The judge set this abnormally large bail for the trio after rejecting their choice of lawyers, Nasser Zarafshan and Razieh Zaydi, which IWA described as a violation of the writers’ rights.
The IWA statement read: "Immediately after rejecting the proposed lawyers, the judge raised the amount of bail tenfold, from one billion to ten billion rials, and ordered the suspects to personally defend themselves."
The writers stand accused of "propaganda against the government", "assembly and collusion" against national security, and encouraging corruption and prostitution among women, for their articles published in an "illegal" journal and the Free Thought internal news bulletin. They are being sued by the Ministry of Intelligence.
Abtin, a poet and filmmaker, was previously sentenced to three months of community service at the State Welfare Organization and a fine of roughly $1,200, for posting a photo on Instagram of Mazdak Zarafshan after he’d been injured by police.
In June 2018, Abtin said: “Mazdak’s face was badly bruised and he had broken cheeks and ribs. When I posted his photo on my Instagram, it got a lot of attention and it was widely shared on the internet. A few days later, I got a summons from the Revolutionary Court in Karaj for ‘propaganda against the state’.”

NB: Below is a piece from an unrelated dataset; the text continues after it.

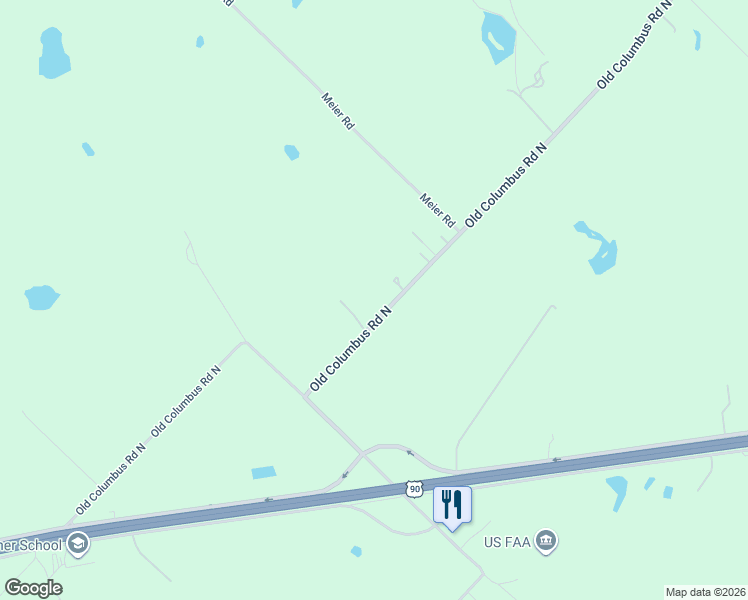 map of restaurants, bars, coffee shops, grocery stores, and more near 1375 Old Columbus Road North in Sealy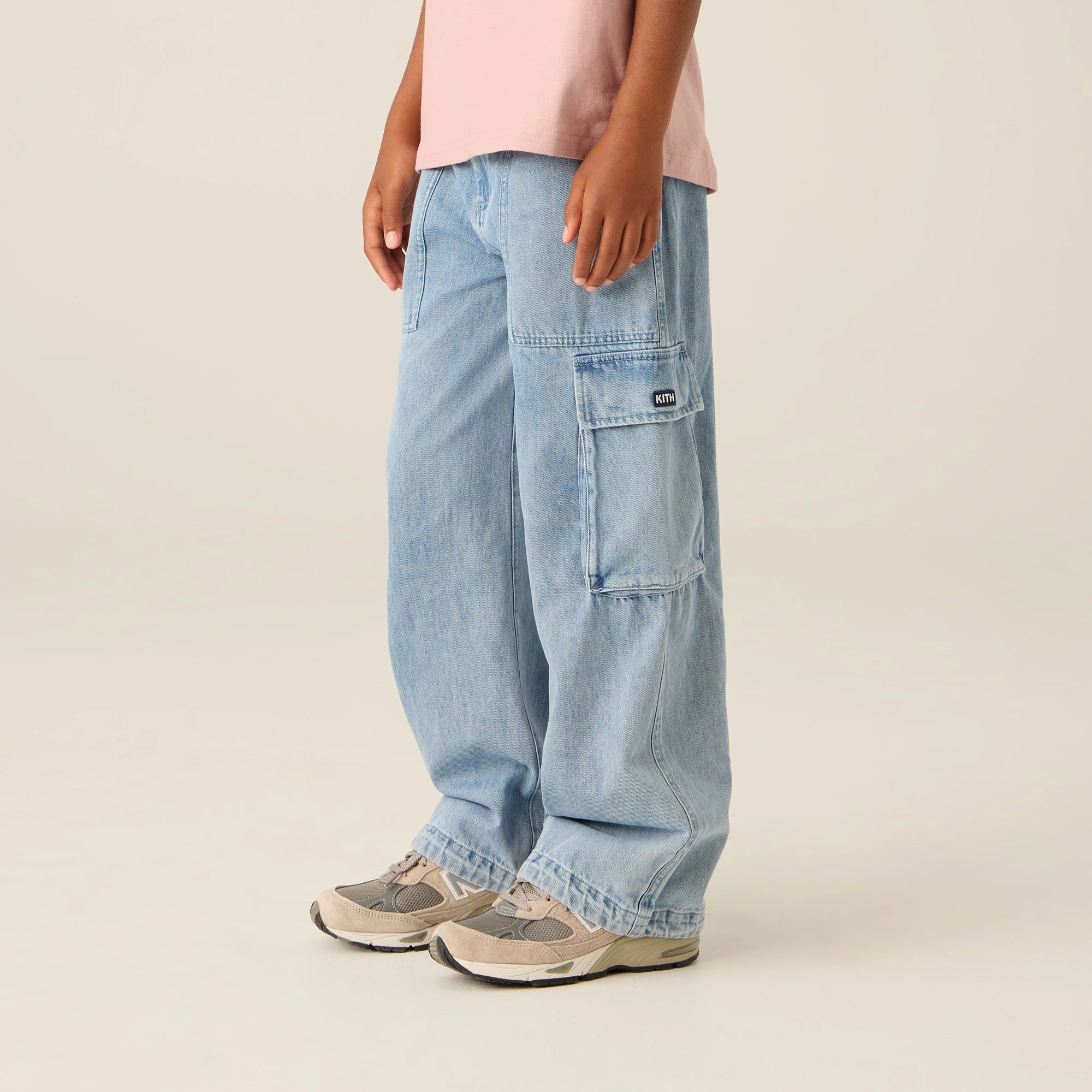 Kith Kids Chambray Evans Cargo Pant - Kent Medium Wash Sleek Design Soft Lines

Zarafshan was injured in December 2016, after police tried to violently shut down a memorial service for Iranian authors who were murdered in 1998, in a series of killings of dissidents known as the “chain murders” This included at least two prominent IWA members, Mohammad Mokhtari, and Mohammad Jafar Pouyandeh.
Zarafshan is the son of prominent Iranian lawyer Nasser Zarafshan, who served five years for representing the families of the “chain murders” victims.
However, the trio is far from the only writers that have been targeted by the Iranian government recently.
On Wednesday, the state-run IRNA news agency reported that Yashar Soltani, the managing director and editor-in-chief of Memari (Architecture) News website, was sentenced to five years in prison for reporting “fake” news and insulting state-run institutions.
He was arrested in September 2016, after publishing declassified reports about the controversial transfer of Tehran Municipality properties to certain individuals.